- [Work request]:
What you write must be the listing below in full, word for word, minus its pictures.

- [Data]:
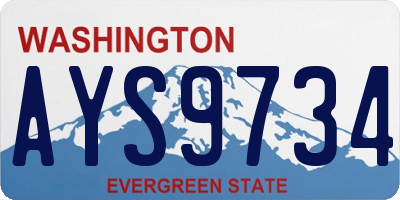 WA license plate AYS9734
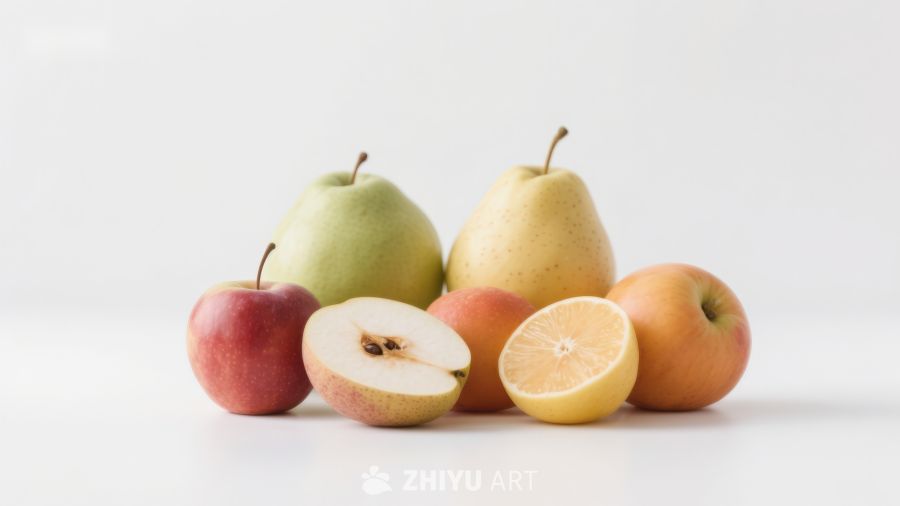 新鲜水果组合：苹果、梨与柠檬 1054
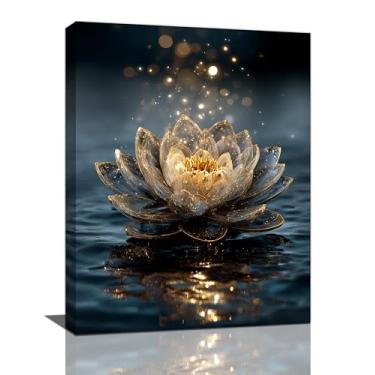 Imagem de Arte de parede em tela de lótus zen flor de lótus místico na água imagens estéticas decoração de parede meditação moderna pintura espiritual impressão emoldurada decorações presentes para ioga spa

- [Response to this exercise]:
 WA license plate AYS9734
 新鲜水果组合：苹果、梨与柠檬 1054
 Imagem de Arte de parede em tela de lótus zen flor de lótus místico na água imagens estéticas decoração de parede meditação moderna pintura espiritual impressão emoldurada decorações presentes para ioga spa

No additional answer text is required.